_THE PROBLEM_.
In the records below, find the line that contains "After removal of" and the line that contains "This is a Munch", then retype exactly those two lines and every line between them.

◇ ◇ ◇

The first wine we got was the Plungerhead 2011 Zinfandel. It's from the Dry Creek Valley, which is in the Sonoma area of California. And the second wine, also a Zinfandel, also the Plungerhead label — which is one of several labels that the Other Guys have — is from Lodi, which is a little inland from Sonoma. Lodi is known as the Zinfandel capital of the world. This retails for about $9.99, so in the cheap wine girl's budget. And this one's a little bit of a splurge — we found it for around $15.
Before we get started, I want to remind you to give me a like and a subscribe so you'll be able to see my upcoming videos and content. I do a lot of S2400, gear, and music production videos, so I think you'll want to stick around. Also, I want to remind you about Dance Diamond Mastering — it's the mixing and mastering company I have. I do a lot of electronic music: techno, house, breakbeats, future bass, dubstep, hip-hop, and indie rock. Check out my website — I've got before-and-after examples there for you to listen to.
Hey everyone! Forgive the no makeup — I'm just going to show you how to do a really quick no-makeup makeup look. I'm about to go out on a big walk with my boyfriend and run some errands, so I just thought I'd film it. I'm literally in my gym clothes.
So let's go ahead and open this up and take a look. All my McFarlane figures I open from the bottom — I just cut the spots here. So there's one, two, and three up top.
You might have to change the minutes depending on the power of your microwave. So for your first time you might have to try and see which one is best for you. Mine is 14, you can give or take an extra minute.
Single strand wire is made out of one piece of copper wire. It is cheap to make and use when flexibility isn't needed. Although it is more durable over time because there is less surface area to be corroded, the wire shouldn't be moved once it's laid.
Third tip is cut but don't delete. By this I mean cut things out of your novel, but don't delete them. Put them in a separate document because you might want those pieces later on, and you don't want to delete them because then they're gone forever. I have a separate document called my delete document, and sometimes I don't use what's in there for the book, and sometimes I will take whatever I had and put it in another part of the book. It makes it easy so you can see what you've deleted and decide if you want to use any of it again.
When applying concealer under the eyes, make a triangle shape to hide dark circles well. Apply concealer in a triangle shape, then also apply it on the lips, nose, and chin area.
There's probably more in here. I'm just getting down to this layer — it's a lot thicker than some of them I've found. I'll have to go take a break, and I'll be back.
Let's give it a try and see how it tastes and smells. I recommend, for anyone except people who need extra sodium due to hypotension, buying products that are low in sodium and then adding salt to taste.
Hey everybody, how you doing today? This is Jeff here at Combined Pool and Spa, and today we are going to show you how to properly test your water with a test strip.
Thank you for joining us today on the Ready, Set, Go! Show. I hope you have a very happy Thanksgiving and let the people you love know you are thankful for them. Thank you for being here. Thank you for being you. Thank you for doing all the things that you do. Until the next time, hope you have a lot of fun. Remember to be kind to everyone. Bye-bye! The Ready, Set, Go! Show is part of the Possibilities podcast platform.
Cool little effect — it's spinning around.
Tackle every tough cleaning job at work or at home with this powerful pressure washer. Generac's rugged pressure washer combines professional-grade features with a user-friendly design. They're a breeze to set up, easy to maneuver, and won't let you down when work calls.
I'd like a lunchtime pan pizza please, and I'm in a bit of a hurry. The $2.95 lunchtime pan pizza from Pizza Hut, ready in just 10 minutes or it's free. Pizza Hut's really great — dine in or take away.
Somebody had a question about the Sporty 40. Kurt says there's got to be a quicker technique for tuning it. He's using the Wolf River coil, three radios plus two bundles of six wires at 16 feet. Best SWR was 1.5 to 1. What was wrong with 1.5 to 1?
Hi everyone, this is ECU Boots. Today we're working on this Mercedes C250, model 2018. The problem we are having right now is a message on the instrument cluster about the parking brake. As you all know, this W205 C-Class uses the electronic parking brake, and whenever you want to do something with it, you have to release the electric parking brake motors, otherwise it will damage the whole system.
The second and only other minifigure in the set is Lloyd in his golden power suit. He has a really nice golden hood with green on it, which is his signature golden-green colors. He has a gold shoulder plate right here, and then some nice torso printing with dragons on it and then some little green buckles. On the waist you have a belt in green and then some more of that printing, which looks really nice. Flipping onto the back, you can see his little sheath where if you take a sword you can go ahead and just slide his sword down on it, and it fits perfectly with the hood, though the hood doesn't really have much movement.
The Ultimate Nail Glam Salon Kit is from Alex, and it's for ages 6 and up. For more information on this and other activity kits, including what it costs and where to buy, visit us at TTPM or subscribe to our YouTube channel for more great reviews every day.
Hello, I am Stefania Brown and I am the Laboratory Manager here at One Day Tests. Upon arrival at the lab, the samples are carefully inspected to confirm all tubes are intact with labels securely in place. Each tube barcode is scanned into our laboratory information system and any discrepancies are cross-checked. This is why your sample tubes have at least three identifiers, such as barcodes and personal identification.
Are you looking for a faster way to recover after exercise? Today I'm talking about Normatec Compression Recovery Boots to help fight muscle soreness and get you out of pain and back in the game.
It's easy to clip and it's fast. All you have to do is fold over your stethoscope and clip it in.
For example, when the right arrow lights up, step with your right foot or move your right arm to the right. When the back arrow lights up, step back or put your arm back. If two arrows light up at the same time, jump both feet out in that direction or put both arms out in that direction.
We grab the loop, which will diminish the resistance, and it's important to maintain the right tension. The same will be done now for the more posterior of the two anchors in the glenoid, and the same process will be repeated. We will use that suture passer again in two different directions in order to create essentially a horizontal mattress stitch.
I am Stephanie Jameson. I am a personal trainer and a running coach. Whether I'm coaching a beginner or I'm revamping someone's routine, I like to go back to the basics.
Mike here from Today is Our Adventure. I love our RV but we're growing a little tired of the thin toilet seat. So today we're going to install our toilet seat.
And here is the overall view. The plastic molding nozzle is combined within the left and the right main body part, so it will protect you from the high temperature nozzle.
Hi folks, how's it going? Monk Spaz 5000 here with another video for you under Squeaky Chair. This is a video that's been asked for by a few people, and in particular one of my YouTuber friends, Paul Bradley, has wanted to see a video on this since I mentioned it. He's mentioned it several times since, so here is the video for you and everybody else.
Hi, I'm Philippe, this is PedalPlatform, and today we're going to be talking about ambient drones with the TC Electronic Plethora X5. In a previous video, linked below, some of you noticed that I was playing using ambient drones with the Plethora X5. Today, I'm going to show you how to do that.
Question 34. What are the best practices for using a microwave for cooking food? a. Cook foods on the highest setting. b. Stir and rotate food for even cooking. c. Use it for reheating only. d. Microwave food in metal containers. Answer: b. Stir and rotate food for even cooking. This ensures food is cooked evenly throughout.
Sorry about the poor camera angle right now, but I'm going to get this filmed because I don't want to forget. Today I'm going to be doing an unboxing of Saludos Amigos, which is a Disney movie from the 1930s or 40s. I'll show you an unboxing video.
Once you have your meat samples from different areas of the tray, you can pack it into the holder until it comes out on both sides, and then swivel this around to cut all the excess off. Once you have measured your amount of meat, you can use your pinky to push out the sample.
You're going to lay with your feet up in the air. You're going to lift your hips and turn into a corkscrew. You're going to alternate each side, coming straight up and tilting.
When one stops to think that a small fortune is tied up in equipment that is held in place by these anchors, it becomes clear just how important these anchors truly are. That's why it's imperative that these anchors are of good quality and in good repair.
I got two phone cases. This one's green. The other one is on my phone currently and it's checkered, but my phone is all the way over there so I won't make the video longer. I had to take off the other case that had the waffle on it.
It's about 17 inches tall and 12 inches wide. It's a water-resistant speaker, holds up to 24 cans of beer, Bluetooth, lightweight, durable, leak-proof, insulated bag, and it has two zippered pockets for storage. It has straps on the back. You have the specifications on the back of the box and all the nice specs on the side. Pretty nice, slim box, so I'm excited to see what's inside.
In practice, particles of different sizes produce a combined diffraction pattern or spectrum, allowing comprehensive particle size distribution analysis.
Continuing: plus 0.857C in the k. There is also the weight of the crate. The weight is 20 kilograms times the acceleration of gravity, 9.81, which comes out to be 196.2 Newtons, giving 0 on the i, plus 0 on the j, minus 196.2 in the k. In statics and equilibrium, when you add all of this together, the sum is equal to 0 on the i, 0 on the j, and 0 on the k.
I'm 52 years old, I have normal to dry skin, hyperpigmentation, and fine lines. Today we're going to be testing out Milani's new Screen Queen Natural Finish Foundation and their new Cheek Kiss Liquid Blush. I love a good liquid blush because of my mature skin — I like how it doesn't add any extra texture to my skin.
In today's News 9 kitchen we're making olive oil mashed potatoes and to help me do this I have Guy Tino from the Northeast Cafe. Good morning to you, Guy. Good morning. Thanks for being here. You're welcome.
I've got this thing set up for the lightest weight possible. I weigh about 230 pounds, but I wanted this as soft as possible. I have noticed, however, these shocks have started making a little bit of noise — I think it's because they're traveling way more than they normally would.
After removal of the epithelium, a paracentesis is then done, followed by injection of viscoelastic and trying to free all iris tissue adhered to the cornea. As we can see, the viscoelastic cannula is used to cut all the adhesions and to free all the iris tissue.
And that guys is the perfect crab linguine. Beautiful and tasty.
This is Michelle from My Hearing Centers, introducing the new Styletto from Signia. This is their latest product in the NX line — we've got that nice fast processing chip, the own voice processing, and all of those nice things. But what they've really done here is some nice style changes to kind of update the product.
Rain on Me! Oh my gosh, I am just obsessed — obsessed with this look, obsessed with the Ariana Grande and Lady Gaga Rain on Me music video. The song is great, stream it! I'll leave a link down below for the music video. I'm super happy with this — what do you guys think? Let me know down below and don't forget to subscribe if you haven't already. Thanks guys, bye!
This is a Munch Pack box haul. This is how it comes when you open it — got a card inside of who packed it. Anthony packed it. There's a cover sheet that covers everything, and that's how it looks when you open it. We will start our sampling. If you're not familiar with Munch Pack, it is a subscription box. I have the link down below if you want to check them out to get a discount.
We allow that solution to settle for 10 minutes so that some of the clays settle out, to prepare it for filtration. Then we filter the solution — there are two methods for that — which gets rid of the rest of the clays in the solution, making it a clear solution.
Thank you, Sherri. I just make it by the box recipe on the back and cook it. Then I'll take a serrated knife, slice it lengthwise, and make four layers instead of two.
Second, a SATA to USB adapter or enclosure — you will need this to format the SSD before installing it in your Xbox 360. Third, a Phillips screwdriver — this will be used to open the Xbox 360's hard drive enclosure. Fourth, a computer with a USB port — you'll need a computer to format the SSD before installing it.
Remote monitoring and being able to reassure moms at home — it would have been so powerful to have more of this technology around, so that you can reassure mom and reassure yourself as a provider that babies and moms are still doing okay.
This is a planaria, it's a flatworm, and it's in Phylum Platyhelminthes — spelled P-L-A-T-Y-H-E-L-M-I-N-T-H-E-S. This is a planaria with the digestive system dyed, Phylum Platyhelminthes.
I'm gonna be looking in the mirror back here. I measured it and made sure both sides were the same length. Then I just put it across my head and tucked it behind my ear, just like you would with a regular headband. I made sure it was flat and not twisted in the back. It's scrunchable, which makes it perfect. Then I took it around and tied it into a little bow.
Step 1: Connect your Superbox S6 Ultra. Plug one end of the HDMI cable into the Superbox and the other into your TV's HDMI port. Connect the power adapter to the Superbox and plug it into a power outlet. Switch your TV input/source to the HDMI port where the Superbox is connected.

◇ ◇ ◇

_RESULT OF THIS TASK_.
After removal of the epithelium, a paracentesis is then done, followed by injection of viscoelastic and trying to free all iris tissue adhered to the cornea. As we can see, the viscoelastic cannula is used to cut all the adhesions and to free all the iris tissue.
And that guys is the perfect crab linguine. Beautiful and tasty.
This is Michelle from My Hearing Centers, introducing the new Styletto from Signia. This is their latest product in the NX line — we've got that nice fast processing chip, the own voice processing, and all of those nice things. But what they've really done here is some nice style changes to kind of update the product.
Rain on Me! Oh my gosh, I am just obsessed — obsessed with this look, obsessed with the Ariana Grande and Lady Gaga Rain on Me music video. The song is great, stream it! I'll leave a link down below for the music video. I'm super happy with this — what do you guys think? Let me know down below and don't forget to subscribe if you haven't already. Thanks guys, bye!
This is a Munch Pack box haul. This is how it comes when you open it — got a card inside of who packed it. Anthony packed it. There's a cover sheet that covers everything, and that's how it looks when you open it. We will start our sampling. If you're not familiar with Munch Pack, it is a subscription box. I have the link down below if you want to check them out to get a discount.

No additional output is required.